While it is by far the most famous tilting tower wordwide, it is not the only leaning tower in Pisa. There are two more in Pisa, namely the Campanile of San Nicola and the Campanile of San Michele degli Scalzi and seven more in Italy. Photo © Slow Italy
Detail of the Duomo’s ceiling, Pisa. Photo © Slow Italy
Pisa Duomo, interior. Photo © Slow Italy
Galileo’s lamp (1587) in the Duomo, Pisa. It is said that the Pisan scientist understood the principle of the pendulum from the swinging of the lamp. He realized that the oscillations always took the same amount of time whatever their range. He later applied the measurement of its movement to the measurement of time. He also carried out experiments from the Leaning Tower of Pisa to study the Laws of Gravitation
Photo © Baljeet Dhillon.
The Leaning Tower of Pisa. Photo by Izarbeltza
The Tower measures 58.36m in height, which appears to be a random number, but which actually corresponds to exactly 100 “braccia pisane” (Pisan cubits). In Medieval times there was no unity in the metric system and each city-state, Florence, Pisa and Arezzo, had their own metric system with a different value for the “braccio” and other units.
Lucifer, detail of the fresco “Hell” by Buffalmacco, Camposanto Monumental Cemetery, Pisa. Photo © Slow Italy.

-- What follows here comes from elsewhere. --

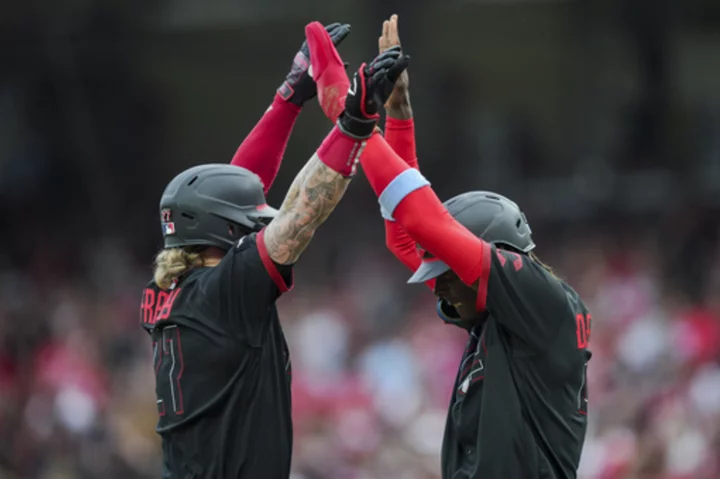 De La Cruz has cycle and Votto hits 2 HRs as Reds beat Braves 11-10 for 12th straight win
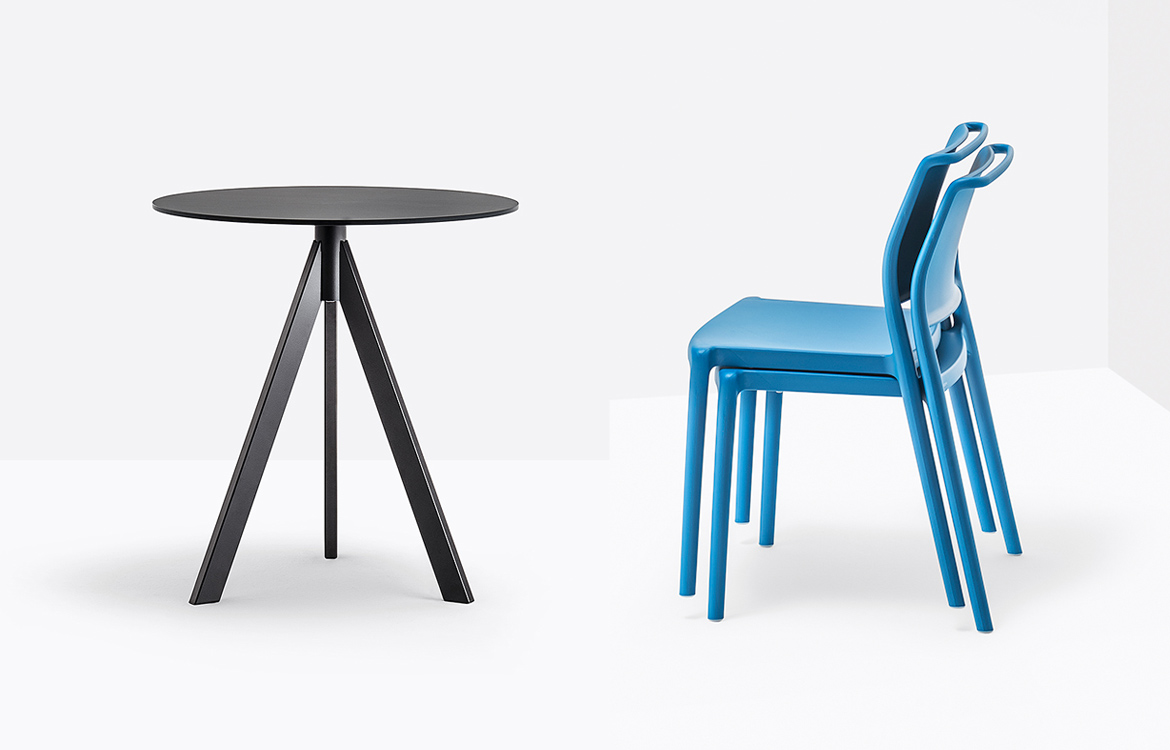 Arki black industrial cafe table with blue chair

Piazza dei Miracoli, with the shadow of the leaning tower on the Duomo, and the Baptistery in the background. Photo © Slow Italy
Baptistery with the Duomo and Leaning Tower in the background, Pisa. Photo by llee_wu.
View over Pisa from the Leaning Tower. Photo © Slow Italy.
The Scuola Normale Superiore of Pisa on Piazza dei Cavalieri in Pisa is one of the most famous and prestigious universities of Italy. It was founded in 1810 by Napoleonic decree as a branch of the École Normale Supérieure in Paris. It is housed in Palazzo della Carovana, built by Vasari in 1562. Carducci, the first Italian to win the Nobel Prize in Literature in 1907, graduated from the Scuola Normale Superiore in 1856. Piazza dei Cavalieri is the second most important square to visit in Pisa. During the Pisan Republic it was the center of the political power.
Detail from a photo by chuci.
The entrance door of the duomo is adorned with various decorations among which a small lizard. According to the legend touching the lizard brings good luck especially to students about the sit their final high school exams.
Photo © Laura Epifani.
Palazzo Agostini, built in the 14th century, is one of the oldest palazzi in Pisa. It houses the Caffè dell’Ussero (founded in 1775) and used to house the oldest cinema in Italy, closed in 2011. It is one of the most important examples of civil gothic architecture in Tuscany.
Photo by Lucarelli
Porta Nuova, Pisa. When walking through the gate there is a point where all four monuments of Piazza dei Miracoli are visible at a single glance. It is this view that made Gabriele d’Annunzio scream: “Questo è un miracolo!” (this is a miracle), hence the name.